Purpose Few studies have examined whether physicians' own family history of cancer influences what they do for their patients or for themselves. To clarify the role of family history in medical students' cancer prevention habits and in patient counseling and screening for cancer, we examined data from the Healthy Doc = Healthy Patient study. Methods To determine basic health practices and status, we surveyed medical students (n = 2,316 individuals responding to ≥ 1 survey) in the Class of 2003 at freshman orientation, entrance to wards, and senior year in a nationally representative sample of 16 medical schools (response rate = 80.3%).
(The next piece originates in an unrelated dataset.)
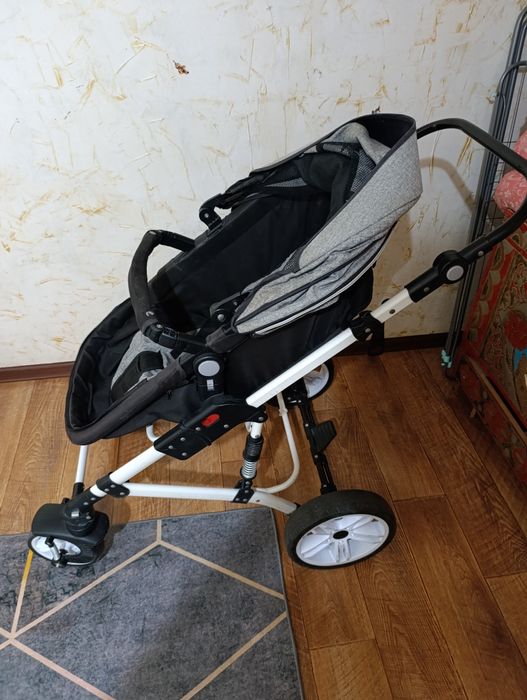 Детская коляска в хорошем состоянии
Using a checklist in the self-administered questionnaire, the medical students were asked to indicate whether they had a number of health conditions (including colorectal cancer, breast cancer, lung cancer, skin cancer, prostate cancer, or other cancers) now or in the past, or whether a parent, sibling or grandparent had any of the health conditions. They were also asked how relevant they think several prevention activities related to counseling or early detection of cancer will be in their intended practice. The main outcome measures were relevance of prevention counseling to medical students' intended clinical practice (available at all three survey points), and seniors' frequency of counseling typical general medicine patients about cancer prevention. Family history of cancer was measured in relation to each outcome of interest. SUDAAN and logistic regression were used in the analysis, treating each school as a cluster. Results Family history of cancer was generally not significantly related to current counseling or perceived future counseling relevance, though reported family history of skin cancer did increase the odds that a student thought that recommending a clinical skin exam was highly relevant to their intended practice (adjusted OR = 1.56, 95% CI: 1.01, 2.43). Discussion These results suggest that physician family history may influence their patient skin cancer early detection practices but not other preventive practices.